Work request »
Produce an exact copy of all the data below, dropping every image.

Collected data »

——————————

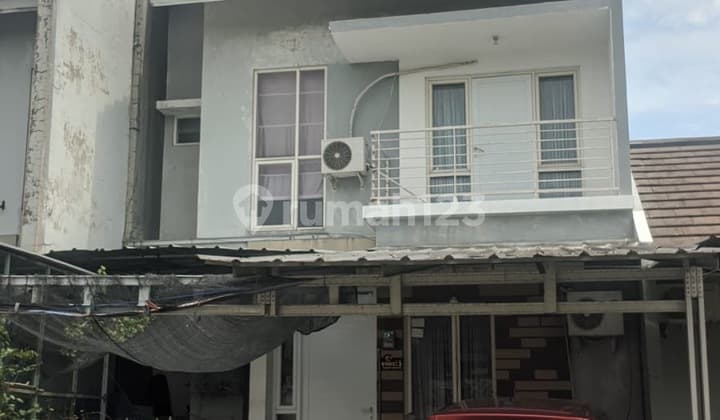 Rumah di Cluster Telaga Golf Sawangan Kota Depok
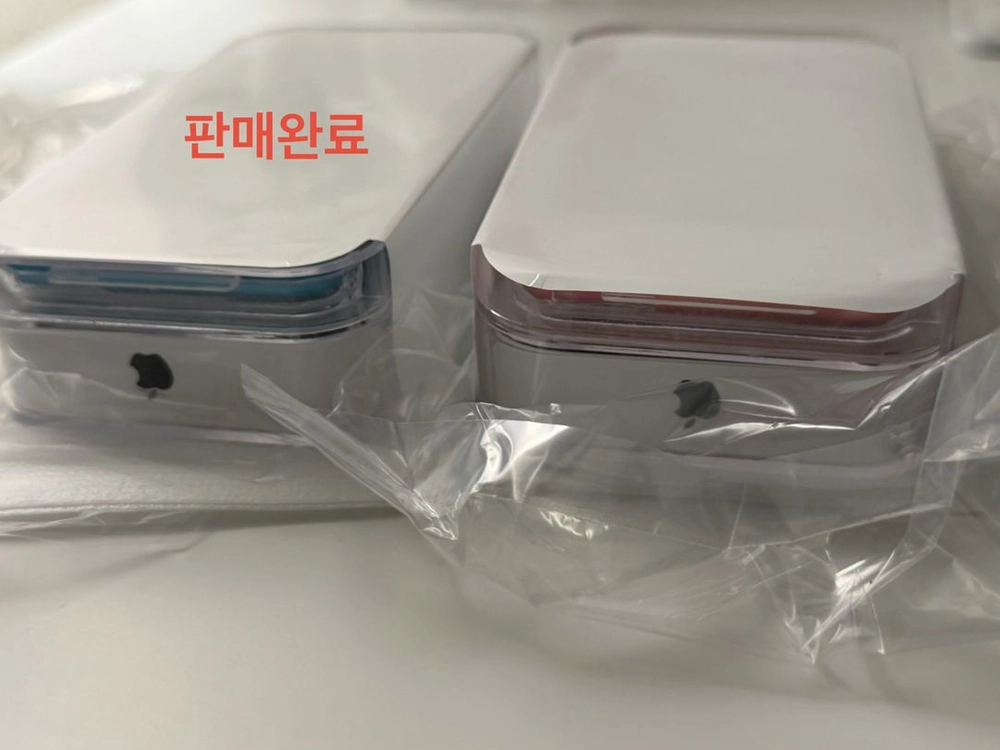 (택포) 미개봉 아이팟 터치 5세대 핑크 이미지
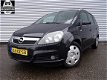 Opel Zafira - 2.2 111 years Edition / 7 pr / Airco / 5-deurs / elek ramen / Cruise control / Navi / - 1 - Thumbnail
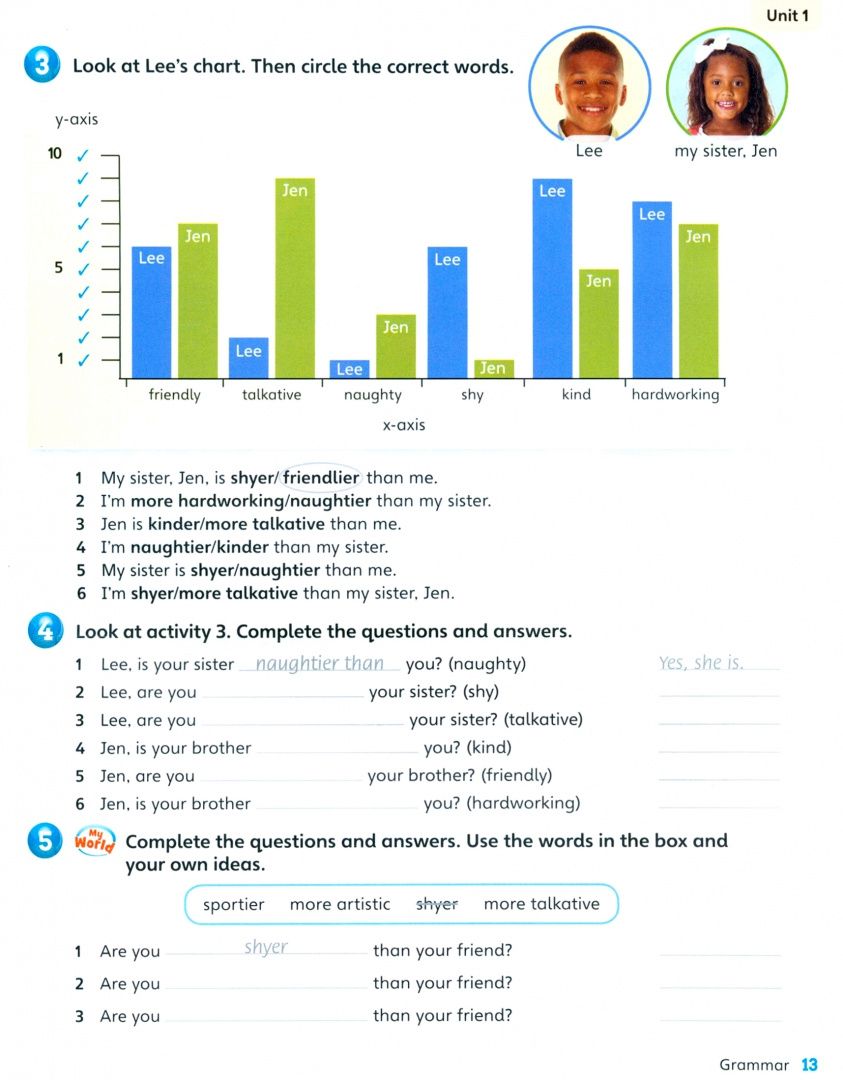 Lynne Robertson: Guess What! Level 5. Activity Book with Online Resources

——————————

Result of this task »
 Rumah di Cluster Telaga Golf Sawangan Kota Depok
 (택포) 미개봉 아이팟 터치 5세대 핑크 이미지
 Opel Zafira - 2.2 111 years Edition / 7 pr / Airco / 5-deurs / elek ramen / Cruise control / Navi / - 1 - Thumbnail
 Lynne Robertson: Guess What! Level 5. Activity Book with Online Resources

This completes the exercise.